Welcome to the final part of my veganism and fitness blog series! In the last part of this blog series I’ll talk about the various vegan documentaries floating about, what they mean and my opinions on them.
If you missed part one, we discussed what veganism is and its environmental factors. Catch up and check it out here. Part two honed in on vegan vs plant diets and how they affect weight loss, which you can also catch up on here.

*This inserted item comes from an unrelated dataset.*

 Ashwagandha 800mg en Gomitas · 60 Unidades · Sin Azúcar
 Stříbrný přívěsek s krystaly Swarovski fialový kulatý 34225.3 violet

Vegan documentaries and the vegan lifestyle
Vegan documentaries such as The Game Changers, Cowspiracy, What the Health and Seaspiracy have gripped the nation. Whether they’ve entrenched those in their own views of veganism further, or perhaps converted a few people to reduce their animal consumption, whatever it is, I think it’s great for animal welfare and the environment. However, the problem I find with these documentaries is one of two things.
The first problem, I think these documentaries play on our emotional heart strings rather than giving effective means of change. I understand for the matter of the environment things need to change drastically. But, I feel like we as a collective world would achieve more by the masses reducing their meat and animal intake, rather than a smaller worldwide population going completely vegan.
The second problem I have with some of these documentaries, is the manipulated data to coarse those into making a very large lifestyle change without the education to couple with it. It’s all well and good tugging on the heart strings of those who want to reduce their meat and animal product consumption, but give more education about where to find better sources of these foods, and why some of these foods are better than others.
Ultimately, these documentaries need to provide both sides of the story and let those make an informed decision based upon facts.
Concluding this blog series
To summarise my veganism and fitness mini blog series, I know I’ve only highlighted a few of these issues and these topics can be much more heavily discussed in more content, or by those who have a much a more detailed understanding of the ethical and environmental considerations coupled with this.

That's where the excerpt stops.